# Can I breed?



## baylee767 (Nov 5, 2010)

I have a pair lined up (I believe them to be around 6-9 months) PERFECT age for breeding. Naturally, my parents decide that on the second week of July, we are going on a 2 week trip to visit my brother. This doesn't leave me much time at all, yet if I wait until after the trip, the pair might be too old.

I don't think I can raise fry, spawn, and gather some supplies in 3 months. Naturally waiting too long will result in more deformities... but, I don't know. What should I do? If only I could setup a Betta drip system >.<


----------



## Abby (Jan 13, 2011)

Do you have homes for the fry? whos going to feed your other fish while ur away for two weeks and do water changes?


----------



## baylee767 (Nov 5, 2010)

I know, that's why I was asking. I was wondering if 3 months is enough time and if it would be a bad idea to spawn a pair around a year old.... I guessed (as stated above) that 3 months isn't nearly enough time. But I've never spawned before.... 

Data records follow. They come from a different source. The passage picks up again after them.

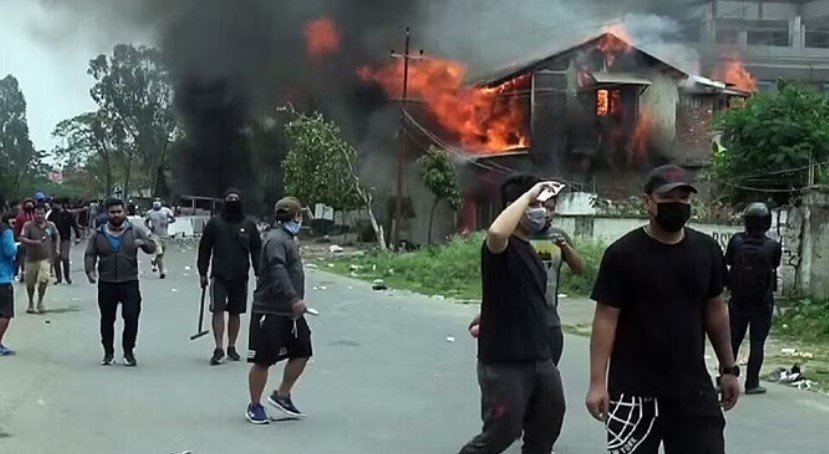 Manipu Violence: कांटो संबल और चिंगमंग में गोलीबारी, पांच घरों को जलाया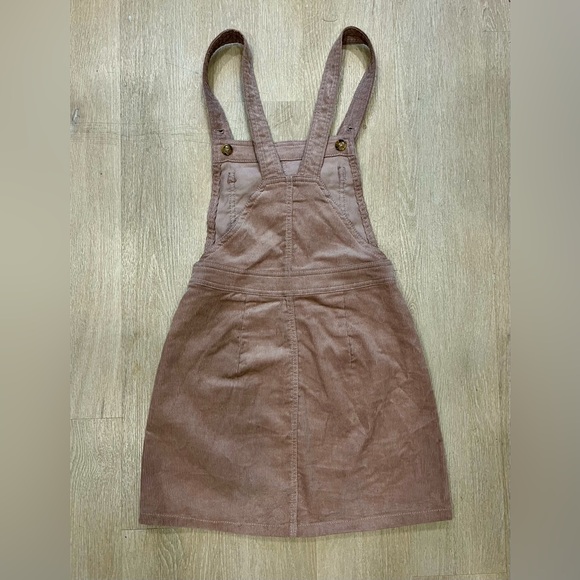 H&M Women’s Corduroy Dusty Pink Dress Overalls - Picture 2 of 2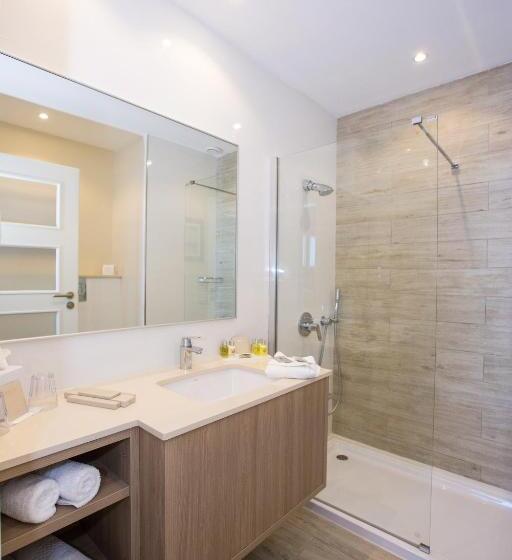 اتاق استاندارد, Salini Resort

Is it okay to spawn a pair not too much under a year old (not certain of the exact age yet, I'm guessing at least they will be somewhere between 10 months and a year when I get back from this visit)? Or is it just too risky? A smaller spawn is better than a bigger spawn probably seeing as I'm new to this (in case around that age rather than deformities you get less eggs). 

So yeah, now I'm definatly not spawning them before this trip (WHY can't my parents be content with home?). Just making sure ^.^


----------



## Fermin (Apr 18, 2010)

It's very nice of your parents to take you on a 2-week trip this summer.

Who will be taking care of your future fry once you are back in school in August?


----------



## monroe0704 (Nov 17, 2010)

Although age can affect fry health, it's not necessarily a certainty. OFL has used pairs over 1 yr old with great success (at least from what I recall from another thread). I read that age will affect the ratio of male to female fry, but I'm betting that overall health is the number one factor.


----------



## pdxBetta (Mar 15, 2011)

Well, you've got 13 weeks. If you can get them to spawn very soon, you can grow the fry out enough that someone else could feed them for you while you are away. If you don't have someone to do that for you, then you should wait.

Gathering supplies could be done in a day, assuming you have the money for them. Sponge filters can be difficult to find locally, but you should be able to come up with everything else.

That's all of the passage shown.